The results of the survey are ‘Experimental Statistics’ as the method employed is still in development and there are some issues with data quality. The volatility of estimates are assessed, with ways to further improve their quality explored. However, the data and analysis are still of value provided that users view them in the context of the data quality information provided.
Experimental statistics are published with a view to improving their quality over time through feedback from users and stakeholders. The TSW estimates will remain experimental while development work continues to improve their coverage and quality.
Limitations which have led to these statistics being badged as experimental are listed in the Strengths and limitations section.
Detailed results from each year of the survey can be found in the annual releases, along with a comparability and coherence section which compare the results to the equivalent estimates of Welsh trade produced by HM Revenue & Customs (HMRC) and the Office for National Statistics (ONS).
The Welsh Government’s Trade Policy: The Issues for Wales (2018) called for improved evidence to underpin trade policy decisions, and highlighted gaps in the trade data for Wales as well as potential methodological issues identified with existing data sources. There was no existing data on intra-UK trade from Wales, and limited data available according to business characteristics (such as size and sector). Much of the existing Wales data on international trade in goods were modelled estimates based on apportioned employment numbers from the UK, rather than direct data collections. This meant that the data for Wales at the time may not have accurately reflected the specific export markets of Welsh business units.
HMRC administer current trade statistics on the movement of goods, sourced from customs import and export entries for non-EU trade and otherwise from the EU-wide Intrastat system. The HMRC data does not include trade in services. ONS administer an Annual Survey of International Trade in Services (ITIS) that produces experimental statistics at the Wales level.
Given the limitations with the existing data TSW was piloted in 2019 with the aim of capturing robust information directly from businesses on trade flows to and from Wales.

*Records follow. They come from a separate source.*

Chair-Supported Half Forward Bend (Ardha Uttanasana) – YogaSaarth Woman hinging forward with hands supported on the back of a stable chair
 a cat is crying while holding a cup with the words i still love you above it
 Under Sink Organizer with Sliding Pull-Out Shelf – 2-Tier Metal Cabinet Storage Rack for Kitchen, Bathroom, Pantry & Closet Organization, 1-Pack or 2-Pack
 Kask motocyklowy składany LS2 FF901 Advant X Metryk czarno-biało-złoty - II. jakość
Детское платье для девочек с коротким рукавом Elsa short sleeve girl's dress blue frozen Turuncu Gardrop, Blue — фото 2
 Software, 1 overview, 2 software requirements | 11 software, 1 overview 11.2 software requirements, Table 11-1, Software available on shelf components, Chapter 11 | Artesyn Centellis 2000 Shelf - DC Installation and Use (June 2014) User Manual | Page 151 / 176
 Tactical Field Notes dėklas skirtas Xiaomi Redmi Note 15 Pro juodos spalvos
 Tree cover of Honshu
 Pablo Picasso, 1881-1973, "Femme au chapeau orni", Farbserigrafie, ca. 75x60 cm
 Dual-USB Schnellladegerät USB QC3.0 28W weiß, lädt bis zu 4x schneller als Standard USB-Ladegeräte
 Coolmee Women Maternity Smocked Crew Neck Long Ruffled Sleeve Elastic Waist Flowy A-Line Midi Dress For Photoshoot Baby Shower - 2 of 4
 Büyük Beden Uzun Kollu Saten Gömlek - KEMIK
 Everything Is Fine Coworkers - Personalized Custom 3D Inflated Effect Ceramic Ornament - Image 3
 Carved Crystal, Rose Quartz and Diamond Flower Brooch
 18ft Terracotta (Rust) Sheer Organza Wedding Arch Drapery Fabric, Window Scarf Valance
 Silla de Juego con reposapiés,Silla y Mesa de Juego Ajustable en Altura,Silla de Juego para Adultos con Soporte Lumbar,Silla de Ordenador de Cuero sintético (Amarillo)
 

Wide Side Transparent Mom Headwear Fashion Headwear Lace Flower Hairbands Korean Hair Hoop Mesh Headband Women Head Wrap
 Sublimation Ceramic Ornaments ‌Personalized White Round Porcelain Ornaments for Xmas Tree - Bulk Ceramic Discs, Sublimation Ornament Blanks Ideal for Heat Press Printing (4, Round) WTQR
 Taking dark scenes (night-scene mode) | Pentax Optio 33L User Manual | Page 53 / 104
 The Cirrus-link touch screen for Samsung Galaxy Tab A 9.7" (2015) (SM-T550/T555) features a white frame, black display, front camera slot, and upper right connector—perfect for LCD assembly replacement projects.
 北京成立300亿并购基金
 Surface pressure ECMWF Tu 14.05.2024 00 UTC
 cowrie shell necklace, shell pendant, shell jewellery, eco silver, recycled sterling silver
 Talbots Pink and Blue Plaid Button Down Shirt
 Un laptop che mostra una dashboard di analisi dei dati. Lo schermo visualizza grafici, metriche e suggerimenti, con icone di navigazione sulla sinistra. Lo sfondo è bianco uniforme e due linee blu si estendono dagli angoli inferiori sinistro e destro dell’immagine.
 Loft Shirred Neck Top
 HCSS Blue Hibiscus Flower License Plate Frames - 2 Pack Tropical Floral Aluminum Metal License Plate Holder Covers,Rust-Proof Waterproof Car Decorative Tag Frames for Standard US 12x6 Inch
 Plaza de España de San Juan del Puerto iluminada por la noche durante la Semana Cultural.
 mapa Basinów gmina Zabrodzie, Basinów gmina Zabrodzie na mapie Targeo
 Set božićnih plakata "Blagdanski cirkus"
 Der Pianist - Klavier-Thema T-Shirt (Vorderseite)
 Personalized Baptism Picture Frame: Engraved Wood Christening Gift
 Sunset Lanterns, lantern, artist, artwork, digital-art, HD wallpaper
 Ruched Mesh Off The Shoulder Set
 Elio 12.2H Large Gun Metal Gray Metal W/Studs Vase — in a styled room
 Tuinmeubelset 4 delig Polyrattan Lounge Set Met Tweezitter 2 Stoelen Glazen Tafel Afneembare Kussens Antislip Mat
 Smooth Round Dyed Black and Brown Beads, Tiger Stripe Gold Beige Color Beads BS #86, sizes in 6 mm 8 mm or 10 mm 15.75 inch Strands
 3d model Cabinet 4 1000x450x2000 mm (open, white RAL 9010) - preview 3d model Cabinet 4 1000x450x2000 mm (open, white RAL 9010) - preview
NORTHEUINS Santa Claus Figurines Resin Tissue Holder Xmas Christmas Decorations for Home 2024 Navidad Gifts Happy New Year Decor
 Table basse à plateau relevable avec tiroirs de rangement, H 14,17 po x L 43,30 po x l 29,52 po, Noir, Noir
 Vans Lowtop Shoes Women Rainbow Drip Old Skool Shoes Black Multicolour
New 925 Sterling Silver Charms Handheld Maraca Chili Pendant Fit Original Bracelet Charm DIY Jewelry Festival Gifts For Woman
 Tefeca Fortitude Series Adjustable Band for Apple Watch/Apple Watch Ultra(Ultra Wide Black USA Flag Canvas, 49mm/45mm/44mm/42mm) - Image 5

The statistics produced from the TSW have provided Welsh Government policy makers an improved evidence with which to inform Ministers and base their decisions. The intra-UK trade figures have been particularly useful in understanding the UK internal market. The Welsh Government’s Export Action Plan also draws on the Trade Survey for Wales as part of its evidence base. The survey also gives Welsh Government the ability to undertake follow up research with respondents agreeing to re-contact, allowing further insight into key policy questions highlighted in the results.
Strengths and limitations
- The TSW is the only direct collection of trade data specific to business operations located in Wales. Businesses directly report the activity of their Welsh locations. This contrasts with existing regional statistics which collect UK level responses from which Wales level results are modelled.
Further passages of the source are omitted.